Rachana Dubey (BOMBAY TIMES; May 2, 2017)

Her last release Tum Bin 2 didn't enjoy a magical run at the box office, but that doesn't seem to have dampened Neha Sharma's spirits. She has moved on to her next: a cameo in what appears to be a breezy entertainer. BT caught up with the actress, who has just returned from London after the film's shoot packed up.Here are excerpts from a candid chat...

Your last release, Tum Bin 2, didn't have an impressive run at the box office. How did you tide over it?
We had a lot of expectations, and when something doesn't pan out as planned, it bogs you down. But I have put that film behind me and I'm looking forward to a lot of new things. Success and failure are a part of life and we should take both in our stride. You should not let either affect your head or heart.

After playing the female lead in Tum Bin 2, you are doing a cameo in a multi-starrer like Mubarakan...
Well, cameos can also leave an impact. I can never forget Juhi Chawla's special appearance in Andaz Apna Apna. It set the tone of the film. Being a part of Mubarakan has been a great learning experience. At this point in my career, I just want to do a lot of work. There's a line-up of interesting projects, but I cannot speak about them right now.

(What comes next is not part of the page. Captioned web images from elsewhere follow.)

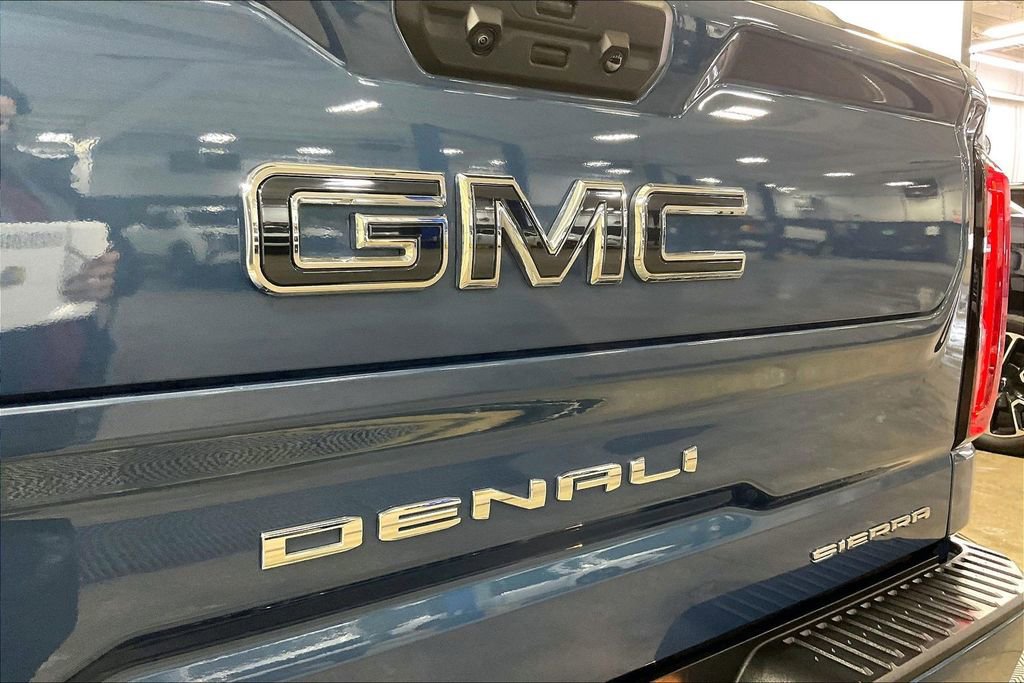 Used 2025 GMC Sierra 1500 Denali Ultimate image 42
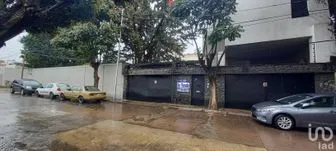 NEX-176846 - Casa en Venta, con 4 recamaras, con 3 baños, con 439 m2 de construcción.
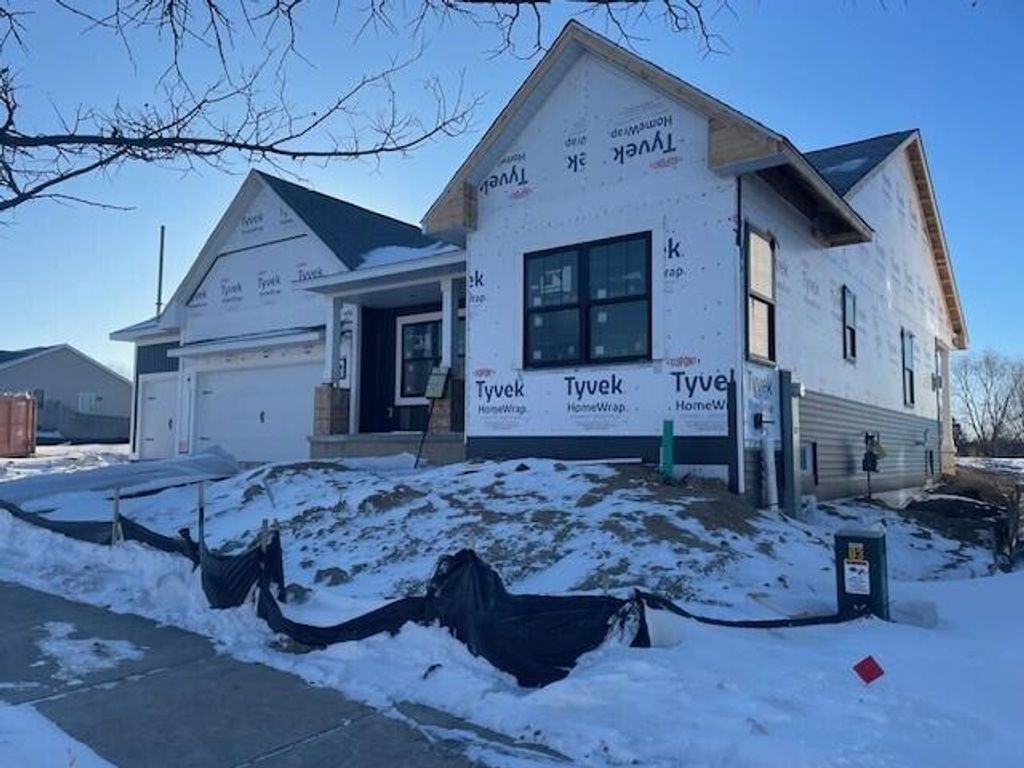 Photo of 15517 67th STREET, Kenosha, WI 53142 (MLS # 1943387)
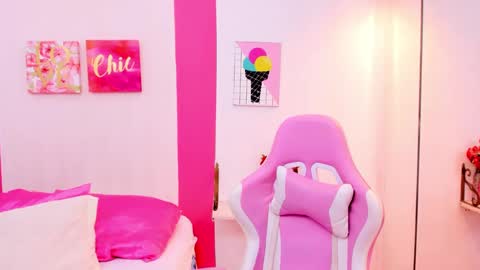 Snapshot of scarlette_15 chatting on 12.30.24 Scarlette online show from 12.30.24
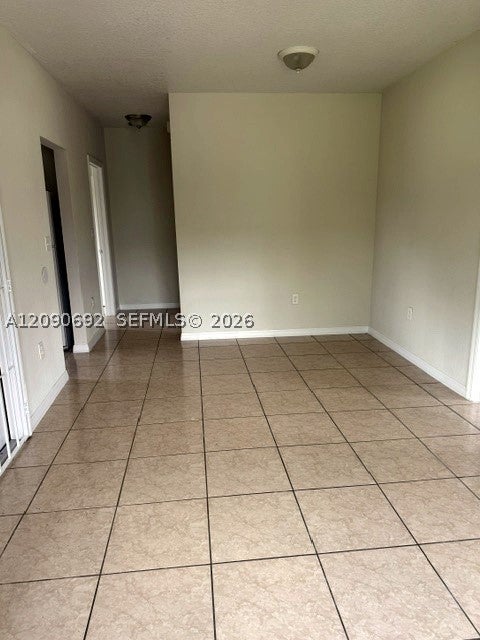2472 NW 65th St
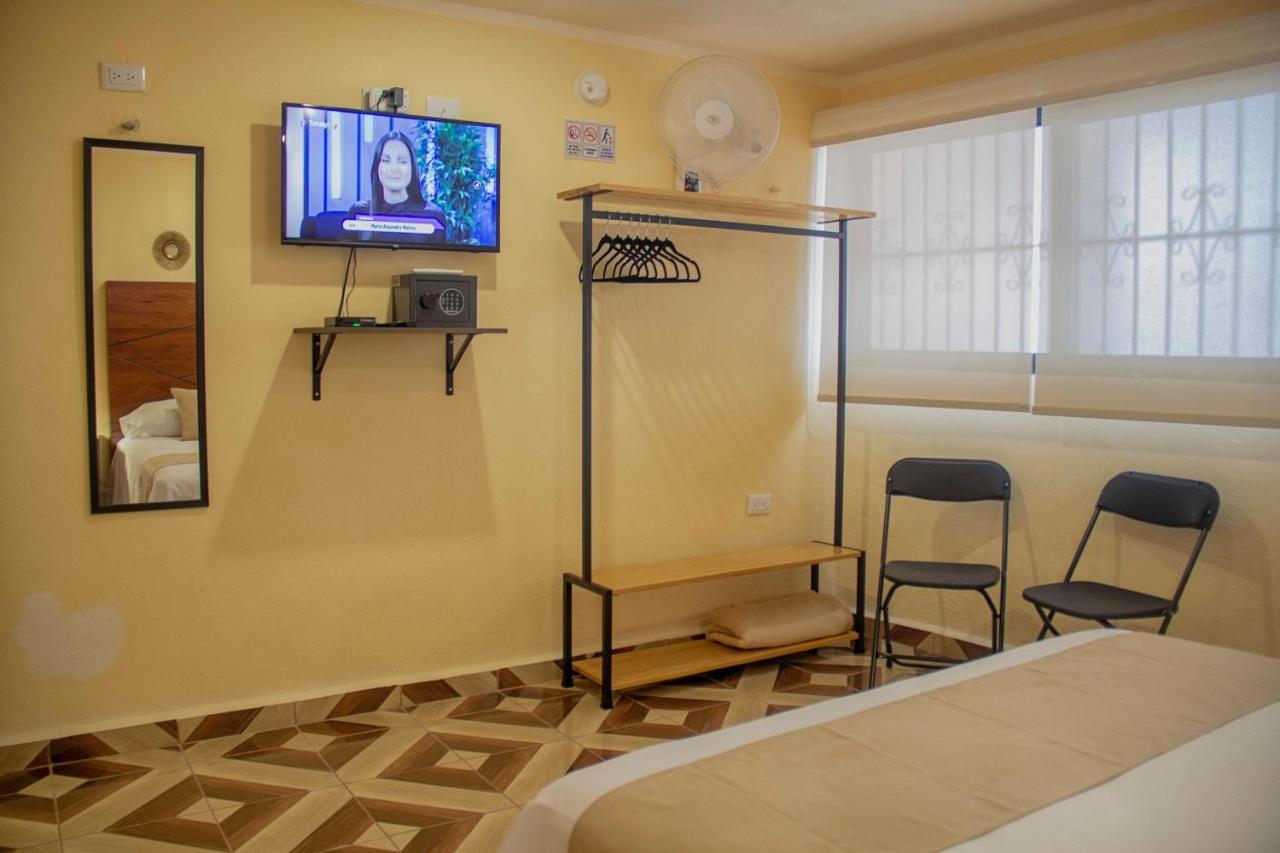 Casa 3 Torres En El Barrio Santiago, Centro. Holiday home *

Talking about doing a lot of work, are you very ambitious?
I am ambitious, but for me, success isn't about being No 1. It's about having the liberty to choose the roles you want to do. I always take time before agreeing to a project. Also, ambition alone can't take you to the top; persistence and talent are just as important.

As an artiste, what do you think is your shortcoming?
I am not the kind of person who looks at what's lacking. I celebrate what I have. That's the joy of life. I always put my best into everything I do. The idea is to outshine my previous performance.

While you have not had many outings in Bollywood, you have worked in quite a few South films. Do you feel it's relatively easier to find work there?
Be it South or Hollywood, you'll create a space for yourself only if you are good.

Considering that age is equated with an actress' shelf life in this industry, do you feel any pressure?
We're actresses, not products. Also, acting doesn't come with an expiry date. Look around, there are so many leading ladies who have shattered that myth.

Do you regret any of the choices you've made so far?
Not at all. Every film has taught me a lot. The disheartening part is when your film doesn't make the kind of money that you expected it to make, because a lot of lives are dependent on it.

Your sister Aisha also wants to become an actress. Having been in the industry for a few years now what kind o guidance are you giving her?
(Laughs) I can barely figure out my own career. Aisha, like every other youngster, is trying to discover herself and figure what she wants to do. She is a bundle of talent and one of the most intelligent people I know. I am sure she will find out what's best for her. As an elder sister, I always tell her, 'You don't choose the film, the right film will choose you'.